El propio Baekkegard admite que la temporada ha sido mentalmente pesada. «No lo llamaría fatiga, pero ha sido mucho. Todo el año pensando si iba a poder volver a competir», explica, refiriéndose a los problemas de espalda que arrastra y que han condicionado su entrenamiento y su vida diaria. «Ha habido momentos en los que no podía estar sentado en el coche más de 30 minutos».
Ese desgaste se ha traducido también en una desconexión con el entrenamiento y con el propio sentido de su carrera deportiva. «Siento una especie de vacío. Durante meses no he tenido claro qué estaba haciendo ni hacia dónde iba», reconoce, alejándose mucho del discurso del atleta asentado que fue hace apenas dos años.
Crítica, consecuencias y una reconstrucción forzada
Más allá del rendimiento, Baekkegard siempre se ha caracterizado por no medir demasiado sus palabras. En los últimos años fue especialmente duro con los triatletas españoles, a los que acusó públicamente de «solo saber hacer drafting» en media y larga distancia, un comentario que generó bastante ruido y que no pasó desapercibido en el pelotón profesional.

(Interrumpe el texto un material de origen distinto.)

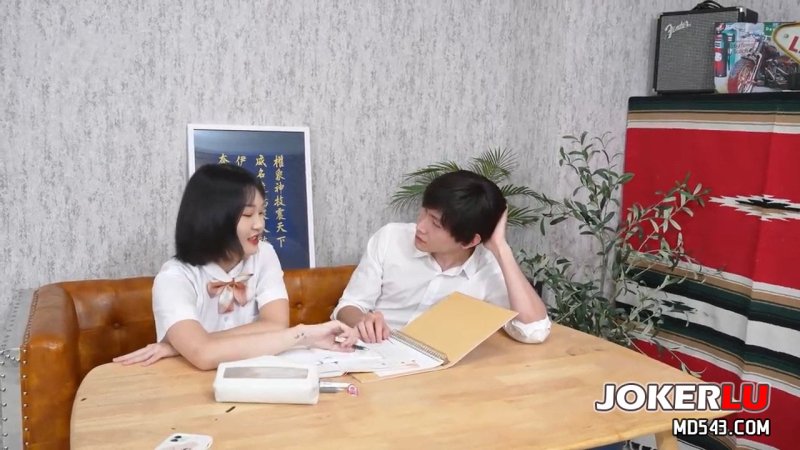  EDmosaic09-06一線鮑21歲喬安找了家教來教書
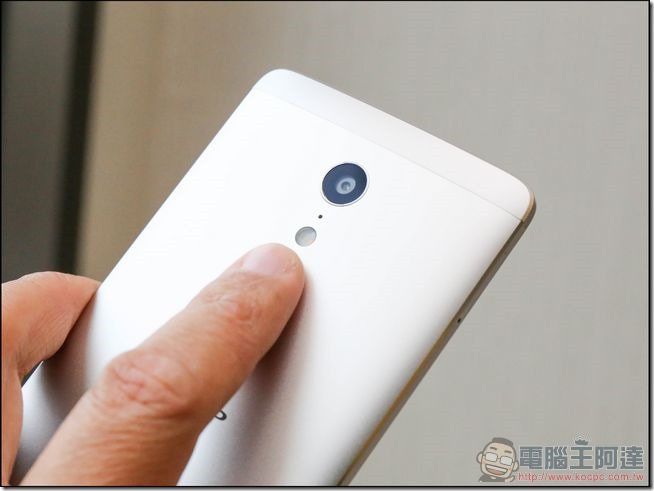 Sharp-Z2-抓寶機開箱-19 Sharp-Z2-抓寶機開箱-19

Ese tipo de declaraciones reforzaron su imagen de corredor sin filtro, pero también añadieron una capa de tensión a su figura pública.

Hoy, ese carácter no amortigua el golpe de verse fuera de marcas que habían sido parte central de su identidad profesional.
«Recibir la noticia de que Canyon y Red Bull querían dejar de trabajar conmigo fue muy duro», admite. «Es básicamente como que te despidan de tu trabajo, y creo que a nadie le gusta eso».
La comparación con otros atletas del circuito es inevitable y él mismo la asume. «No soy ciego. Estoy compitiendo contra gente como Hayden o Sam Laidlow, y sé que ahora mismo no tengo el mismo impacto para una marca», reconoce, alejándose del discurso defensivo y situando la decisión en un plano estrictamente profesional.
Durante los días posteriores, incluso pensó en retirarse. «Estaba en un agujero negro», confiesa, antes de explicar que fueron su familia y su entorno quienes le ayudaron a reenfocar la situación. «A veces necesitas una patada en la cara para replantearte cómo quieres estructurar tu vida y tu negocio».
El detalle de que cuentas satíricas como 140.6memes hayan convertido su situación en material de broma es casi anecdótico, pero también revelador. El triatleta que en 2023 representaba estabilidad y crecimiento es ahora un símbolo de caída abrupta dentro del alto nivel.
Baekkegard habla ahora de reconstrucción, de elegir muy bien las pocas carreras en las que quiere rendir y de volver a disfrutar del proceso. «Quiero sentarme, pensar en las pocas pruebas en las que realmente quiero estar al cien por cien y disfrutar del camino hasta allí», explica.
El problema es que ese camino ya no parte desde la fortaleza del podio, sino desde un terreno mucho más frágil, donde queda poco del atleta que se ganó su sitio a base de resultados.